Even if you knew you would give him back two loaves of bread and two pounds of cheese instead of one loaf and one pound?  Even then, Mr. Kosak?

 

MR. KOSAK

Even then.

 

JOHNNY

Don’t be that way, Mr. Kosak.  That’s defeatist talk, and you know it.  Why, the only thing that would happen to you would be death.  You’d die out there in China, Mr. Kosak.

 

MR. KOSAK

I wouldn’t care if I would.  You and your Pa have got to pay for bread and cheese.  Why don’t your Pa go out and get a job?

 

JOHNNY [swift abandonment of the intellectual attack for the human one]

Mr. Kosak, how are you?

 

MR. KOSAK

I’m fine, Johnny.  How are you?

 

JOHNNY

Couldn’t be better, Mr. Kosak.  How are the children? 

 

MR. KOSAK

They’re all fine, Johnny.  Stephan is beginning to walk now.

 

JOHNNY

That’s great.  How’s Angela?

 

MR. KOSAK

Angela’s beginning to sing.  How’s your Grandmother?

 

JOHNNY

She’s fine.  She’s beginning to sing too.  She says she’d rather be an opera singer than Queen of England.  How’s your wife Martha, Mr. Kosak?

 

MR. KOSAK

Oh, swell.

 

JOHNNY

I can’t tell you how glad I am to hear that everything is fine at your house.  I know Stephan is going to be a great man some day.

 

MR. KOSAK

I hope so.  I’m going to send him to high school and see that he gets every chance I didn’t get.  I don’t want him to have trouble all his life, too.

 

JOHNNY

I have great faith in Stepan, Mr. Kosak.

 

MR. KOSAK

What do you want, Johnny, and how much money you got?

 

JOHNNY

Mr. Kosak, you know I didn’t come here to buy anything.  You know I enjoy a quiet philosophical chat with you every now and then.  [Quickly, pleading]  Let me have a loaf of French bread and a pound of cheese. 

 

MR. KOSAK

You got to pay cash, Johnny.

 

JOHNNY

And Esther?  How is your beautiful daughter Esther?

 

MR. KOSAK

She’s all right, Johnny, but you got to pay cash.  You and your Pa are the worst citizens in this county.

 

JOHNNY

I’m glad Esther’s all right, Mr. Kosak.  Jasper MacGregor is visiting our house.  He’s a great actor.

 

MR. KOSAK

Never heard of him.

 

JOHNNY

And a bottle of beer for Mr. MacGregor.

 

MR. KOSAK

I can’t give you a bottle of beer.

 

JOHNNY

Sure, you can.

 

MR. KOSAK

I can’t.  I’ll let you have one loaf of French bread and a pound of cheese, but that’s all.  What kind of work does you Pa do when he works, Johnny?

 

JOHNNY

My father writes poetry, Mr. Kosak.  That’s the only work my father does.  He’s one of the greatest writers of poetry in the world.

 

MR. KOSAK

When does he get any money?

 

JOHNNY

He never gets any money.  You can’t have your cake and eat it too.

 

MR. KOSAK

I don’t like that kind of work.  Why doesn’t your Pa work like everybody else, Johnny?

 

JOHNNY

He works harder than everybody else.  My father works twice as hard as the average man.  [MR. KOSAK hands Johnny a loaf of French bread and a pound of cheese.]

 

MR. KOSAK

Well, that’s fifty-five cents you owe me, Johnny.  I’ll let you have some stuff this time, but never again.

 

JOHNNY [at the door]

Tell Esther I love her.

 

[JOHNNY runs out of the store.  MR. KOSAK swings at a fly, misses, swings again, misses, and, objecting to the world in this manner, he chases the fly all around the store, swinging with all his might.]

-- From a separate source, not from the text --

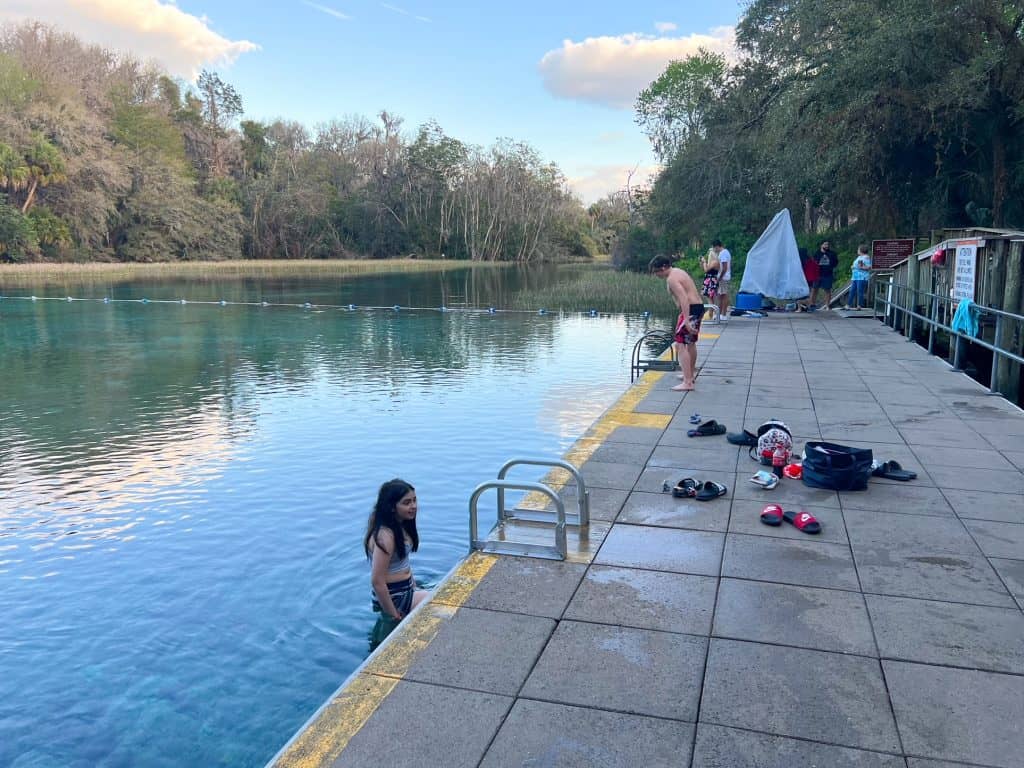 People gather at the edge of the swimming hole at Rainbow Springs, getting ready to dive into the blue water.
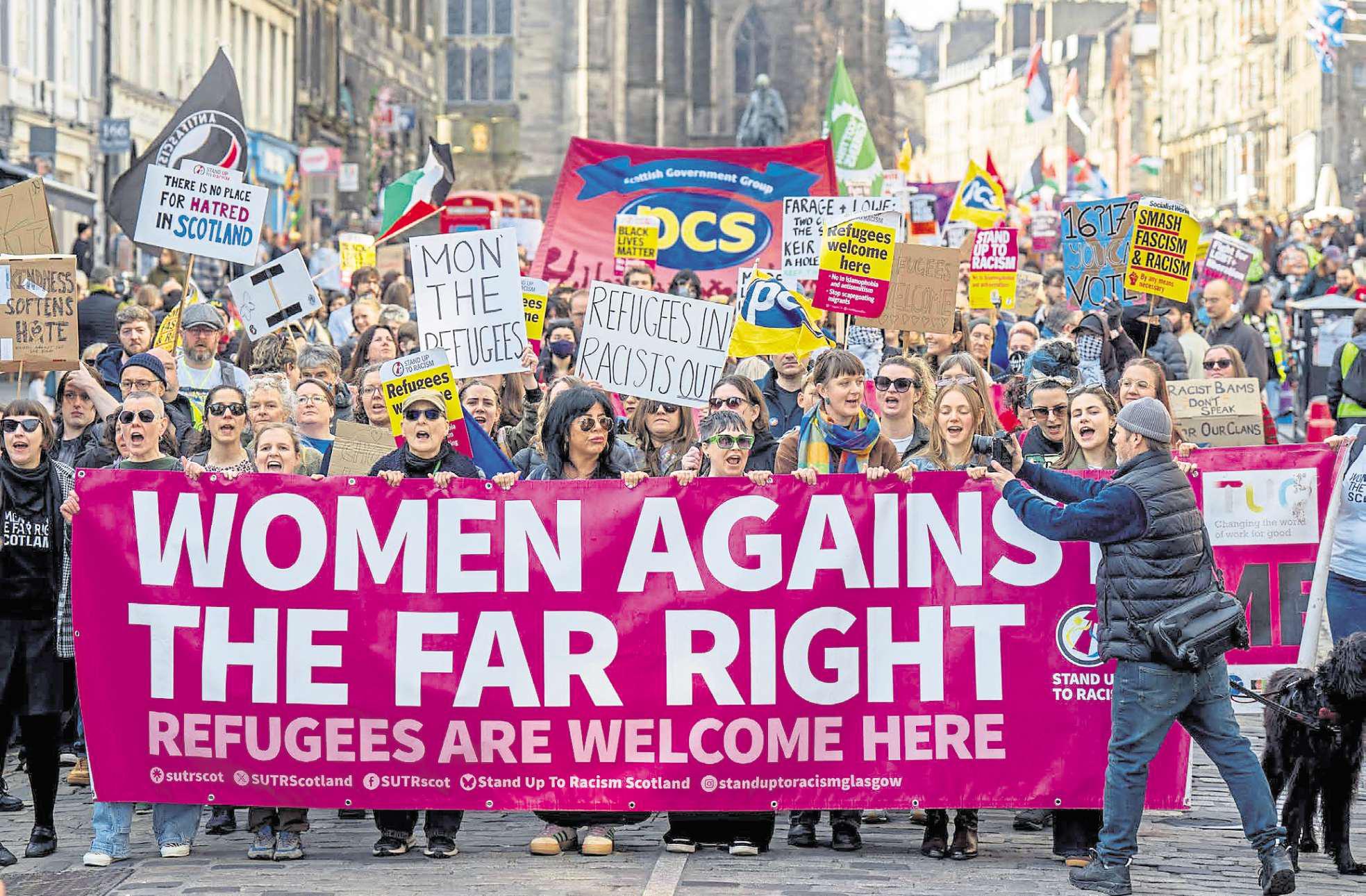 Protest groups exchange angry taunts at Holyrood | Edinburgh Evening ...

The house.  JOHNNY’S FATHER and the old man are looking down the street to see if JOHNNY is coming back with food.  His GRANDMOTHER is standing on the porch also eager to know if there is to be food.

 

MACGREGOR

I think he’s got some food with him.

 

JOHNNY’S FATHER [with pride]

Of course he has.  [He waves at the old lady on the porch who runs into the house to set the table.  JOHNNY runs to his FATHER and MACGREGOR.]  I knew you’d do it.

 

MACGREGOR

So did I.

 

JOHNNY

He says we got to pay him fifty-five cents.  He says he’s not going to give us any more stuff on credit.

 

JOHNNY’S FATHER

That’s his opinion.  What did you talk about?

 

JOHNNY

First I talked about being hungry and at death’s door in China.  Then I inquired about the family.

 

JOHNNY’S FATHER

How is everyone?

 

JOHNNY

Fine. I didn't find any money, though. Not even a penny.

 

JOHNNY'S FATHER

Oh, that's all right. Money isn't everything. [They go into the house].

 

[The living- room. They are all at the table after supper. Macgreggor finds crumbs here and there which he places delicately in his mouth. He looks around the room to see if there isn't something more to eat.]

 

MACGREGOR

That green can up there, Johnny. What's in there?

 

JOHNNY

Marbles.

 

MACGREGOR

That cupboard, Johnny. Anything edible in there?.

 

JOHNNY

Crickets..

 

MACGREGOR

That big jar in the corner there, Johnny. What's delectable in there?.

 

JOHNNY

I got a gopher snake in that jar..

 

MACGREGOR

Well, I could go for a bit of boiled gopher snake in a big way, Johnny..

 

JOHNNY[defiantly, protector of animals]

Nothing doing, Mr. MacGregor..

 

MACGREGOR

Why not, Johnny? Why the hell not, son? I hear of fine Borneo natives eating snakes and grasshoppers. You haven't got a half dozen fat grasshoppers around, have you, Johnny?

 

JOHNNY

Only four..

 

MACGREGOR

Well, trot them out, son, and after we've had our fill, I'll play 'Drink to Me Only with Thine Eyes' for you. I'm mighty hungry, Johnny..

 

JOHNNY

So am I, but I don't want anybody killing them innocent animals. They got rights the same as anybody else..

 

JOHNNY'S FATHER [to Macgregor]

How about a little music? I think the boy would be delighted..

 

JOHNNY [leaping to his feet]

I sure would, Mr. MacGregor..

 

MACGREGOR

All right, Johnny. Bread. Bread. My God, how savagely it quarrels with the heart.

 

[Macgregor gets up and begins to blow into the bugle. He blows louder and more beautifully and mournfully than anybody ever blew into a bugle. Eighteen Neighbours gather in front of the house and cheer when he finishes the solo, play 'Drink to Me Only with Thine Eyes'.]

 

JOHNNY'S FATHER [delighted, for amusement].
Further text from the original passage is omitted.